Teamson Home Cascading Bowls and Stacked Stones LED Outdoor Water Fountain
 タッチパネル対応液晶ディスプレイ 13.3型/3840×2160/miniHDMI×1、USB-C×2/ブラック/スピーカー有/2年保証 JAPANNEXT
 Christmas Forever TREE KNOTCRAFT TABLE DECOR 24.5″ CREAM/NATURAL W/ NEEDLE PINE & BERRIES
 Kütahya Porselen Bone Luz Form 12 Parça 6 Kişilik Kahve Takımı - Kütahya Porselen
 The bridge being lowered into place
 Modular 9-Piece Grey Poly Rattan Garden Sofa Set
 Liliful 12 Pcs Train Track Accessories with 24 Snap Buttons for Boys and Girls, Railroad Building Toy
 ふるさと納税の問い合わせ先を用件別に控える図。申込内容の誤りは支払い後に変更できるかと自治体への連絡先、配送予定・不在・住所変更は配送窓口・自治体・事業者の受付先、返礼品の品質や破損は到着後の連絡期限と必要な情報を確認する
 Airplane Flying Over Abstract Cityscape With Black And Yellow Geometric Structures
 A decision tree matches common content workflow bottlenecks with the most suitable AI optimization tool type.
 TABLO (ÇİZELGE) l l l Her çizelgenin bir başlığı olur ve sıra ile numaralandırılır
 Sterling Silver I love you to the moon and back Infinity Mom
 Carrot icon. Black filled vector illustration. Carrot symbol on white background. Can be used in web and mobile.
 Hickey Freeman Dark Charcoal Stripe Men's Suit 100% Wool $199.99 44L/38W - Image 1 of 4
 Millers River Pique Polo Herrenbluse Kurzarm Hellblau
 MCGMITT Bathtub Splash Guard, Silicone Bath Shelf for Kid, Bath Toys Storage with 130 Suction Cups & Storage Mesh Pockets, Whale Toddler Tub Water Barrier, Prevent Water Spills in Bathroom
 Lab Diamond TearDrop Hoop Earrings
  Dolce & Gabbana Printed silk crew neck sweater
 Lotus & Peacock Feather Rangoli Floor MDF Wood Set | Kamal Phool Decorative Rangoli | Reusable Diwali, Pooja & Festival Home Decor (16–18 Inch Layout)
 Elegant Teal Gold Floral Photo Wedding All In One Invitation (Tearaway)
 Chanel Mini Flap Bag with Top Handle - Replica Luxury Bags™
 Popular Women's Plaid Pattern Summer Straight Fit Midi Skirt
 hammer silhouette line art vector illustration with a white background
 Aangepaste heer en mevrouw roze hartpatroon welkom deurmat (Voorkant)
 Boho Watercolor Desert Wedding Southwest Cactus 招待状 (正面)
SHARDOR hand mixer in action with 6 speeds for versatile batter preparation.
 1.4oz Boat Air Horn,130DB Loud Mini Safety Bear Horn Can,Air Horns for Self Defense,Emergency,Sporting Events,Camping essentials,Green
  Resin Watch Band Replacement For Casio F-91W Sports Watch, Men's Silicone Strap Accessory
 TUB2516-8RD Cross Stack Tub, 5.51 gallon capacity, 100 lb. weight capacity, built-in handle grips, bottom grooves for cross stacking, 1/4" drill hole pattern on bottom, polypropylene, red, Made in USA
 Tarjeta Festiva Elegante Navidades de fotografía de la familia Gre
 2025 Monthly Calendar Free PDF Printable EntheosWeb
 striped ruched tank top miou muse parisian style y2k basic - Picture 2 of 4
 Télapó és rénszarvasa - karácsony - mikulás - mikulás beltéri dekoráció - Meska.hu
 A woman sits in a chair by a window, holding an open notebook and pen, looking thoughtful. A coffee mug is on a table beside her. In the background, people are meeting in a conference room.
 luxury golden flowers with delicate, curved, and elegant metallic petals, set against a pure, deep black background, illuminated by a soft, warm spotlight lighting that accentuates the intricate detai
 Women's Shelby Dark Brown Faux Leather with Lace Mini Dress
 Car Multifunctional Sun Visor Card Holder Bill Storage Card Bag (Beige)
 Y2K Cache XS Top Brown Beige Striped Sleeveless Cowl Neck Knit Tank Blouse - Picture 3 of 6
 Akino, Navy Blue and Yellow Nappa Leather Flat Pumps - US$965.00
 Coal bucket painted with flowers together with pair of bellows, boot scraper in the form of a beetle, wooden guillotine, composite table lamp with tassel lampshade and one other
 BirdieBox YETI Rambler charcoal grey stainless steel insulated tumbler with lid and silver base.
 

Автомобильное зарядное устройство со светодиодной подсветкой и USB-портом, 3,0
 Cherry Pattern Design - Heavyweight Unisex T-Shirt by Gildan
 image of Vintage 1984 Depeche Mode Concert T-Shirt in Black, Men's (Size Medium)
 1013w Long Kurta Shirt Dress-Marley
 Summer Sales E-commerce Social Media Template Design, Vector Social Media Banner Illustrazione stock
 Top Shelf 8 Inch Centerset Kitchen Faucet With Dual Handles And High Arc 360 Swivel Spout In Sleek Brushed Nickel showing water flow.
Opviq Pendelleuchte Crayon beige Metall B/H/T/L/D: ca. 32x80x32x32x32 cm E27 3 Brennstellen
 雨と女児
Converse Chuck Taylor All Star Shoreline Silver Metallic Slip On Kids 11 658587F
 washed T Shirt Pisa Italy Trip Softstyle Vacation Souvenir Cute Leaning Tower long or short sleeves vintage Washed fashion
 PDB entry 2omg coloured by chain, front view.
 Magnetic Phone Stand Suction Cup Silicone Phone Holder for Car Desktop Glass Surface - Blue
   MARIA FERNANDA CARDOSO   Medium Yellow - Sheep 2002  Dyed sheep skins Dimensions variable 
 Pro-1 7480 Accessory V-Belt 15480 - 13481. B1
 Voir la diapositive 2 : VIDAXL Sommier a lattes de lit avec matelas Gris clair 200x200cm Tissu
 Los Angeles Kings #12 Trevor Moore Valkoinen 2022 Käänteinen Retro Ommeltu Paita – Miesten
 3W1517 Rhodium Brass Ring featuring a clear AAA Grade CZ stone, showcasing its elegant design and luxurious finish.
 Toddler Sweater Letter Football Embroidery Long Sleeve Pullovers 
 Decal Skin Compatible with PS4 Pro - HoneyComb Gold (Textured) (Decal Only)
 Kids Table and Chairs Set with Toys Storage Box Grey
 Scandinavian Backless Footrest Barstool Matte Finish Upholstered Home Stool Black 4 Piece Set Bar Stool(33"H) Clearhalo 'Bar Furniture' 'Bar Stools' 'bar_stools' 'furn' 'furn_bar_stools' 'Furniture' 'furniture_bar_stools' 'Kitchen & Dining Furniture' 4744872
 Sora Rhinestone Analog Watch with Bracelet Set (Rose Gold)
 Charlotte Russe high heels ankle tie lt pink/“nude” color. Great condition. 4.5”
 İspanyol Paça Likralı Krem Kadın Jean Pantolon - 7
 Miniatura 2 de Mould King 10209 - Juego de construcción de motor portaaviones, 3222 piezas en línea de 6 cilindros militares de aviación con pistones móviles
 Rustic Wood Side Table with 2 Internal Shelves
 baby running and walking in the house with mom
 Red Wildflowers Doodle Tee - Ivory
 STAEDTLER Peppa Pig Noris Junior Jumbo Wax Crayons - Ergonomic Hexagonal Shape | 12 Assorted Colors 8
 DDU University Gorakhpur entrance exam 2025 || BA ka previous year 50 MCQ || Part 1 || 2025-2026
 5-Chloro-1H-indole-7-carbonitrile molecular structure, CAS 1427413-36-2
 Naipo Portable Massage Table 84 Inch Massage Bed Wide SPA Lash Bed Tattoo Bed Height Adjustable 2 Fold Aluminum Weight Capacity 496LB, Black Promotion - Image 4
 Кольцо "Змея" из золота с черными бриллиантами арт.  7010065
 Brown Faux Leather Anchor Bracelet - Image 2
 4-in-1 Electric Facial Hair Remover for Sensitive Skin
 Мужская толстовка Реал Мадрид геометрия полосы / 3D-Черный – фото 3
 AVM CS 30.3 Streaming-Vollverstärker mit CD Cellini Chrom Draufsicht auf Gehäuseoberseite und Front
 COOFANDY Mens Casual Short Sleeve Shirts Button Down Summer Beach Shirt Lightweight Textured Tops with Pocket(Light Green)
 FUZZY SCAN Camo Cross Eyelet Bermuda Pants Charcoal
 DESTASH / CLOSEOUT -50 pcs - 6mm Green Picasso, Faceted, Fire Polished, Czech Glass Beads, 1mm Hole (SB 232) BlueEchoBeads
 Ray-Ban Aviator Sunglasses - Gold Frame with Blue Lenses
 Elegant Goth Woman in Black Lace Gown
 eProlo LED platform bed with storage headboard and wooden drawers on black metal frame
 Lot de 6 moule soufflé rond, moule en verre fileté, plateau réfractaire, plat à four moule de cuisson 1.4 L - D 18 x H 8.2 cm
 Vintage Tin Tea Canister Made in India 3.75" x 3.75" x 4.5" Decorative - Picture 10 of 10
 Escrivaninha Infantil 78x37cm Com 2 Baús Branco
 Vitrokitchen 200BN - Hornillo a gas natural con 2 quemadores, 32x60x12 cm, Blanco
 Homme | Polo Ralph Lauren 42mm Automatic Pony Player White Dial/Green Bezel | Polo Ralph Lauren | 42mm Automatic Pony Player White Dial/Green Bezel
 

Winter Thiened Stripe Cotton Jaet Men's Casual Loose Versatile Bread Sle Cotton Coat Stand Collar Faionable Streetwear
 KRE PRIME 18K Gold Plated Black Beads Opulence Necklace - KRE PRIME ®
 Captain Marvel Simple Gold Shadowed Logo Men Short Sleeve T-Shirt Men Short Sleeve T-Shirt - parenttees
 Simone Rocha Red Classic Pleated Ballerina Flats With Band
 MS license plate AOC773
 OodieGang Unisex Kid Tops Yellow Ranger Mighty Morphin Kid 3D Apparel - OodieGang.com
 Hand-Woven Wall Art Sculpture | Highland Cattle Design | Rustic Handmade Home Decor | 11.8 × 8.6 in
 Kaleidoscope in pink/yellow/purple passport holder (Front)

* _What this task involves_:
Identify the lines above that contain the word "Rustic", then copy them.

* _Expected output_:
 Rustic Wood Side Table with 2 Internal Shelves
 Hand-Woven Wall Art Sculpture | Highland Cattle Design | Rustic Handmade Home Decor | 11.8 × 8.6 in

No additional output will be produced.